---- Material provided
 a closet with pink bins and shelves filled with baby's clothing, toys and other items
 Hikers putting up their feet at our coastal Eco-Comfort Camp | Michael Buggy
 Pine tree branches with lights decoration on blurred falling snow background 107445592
--------
In full and without error, restate the data.

 a closet with pink bins and shelves filled with baby's clothing, toys and other items
 Hikers putting up their feet at our coastal Eco-Comfort Camp | Michael Buggy
 Pine tree branches with lights decoration on blurred falling snow background 107445592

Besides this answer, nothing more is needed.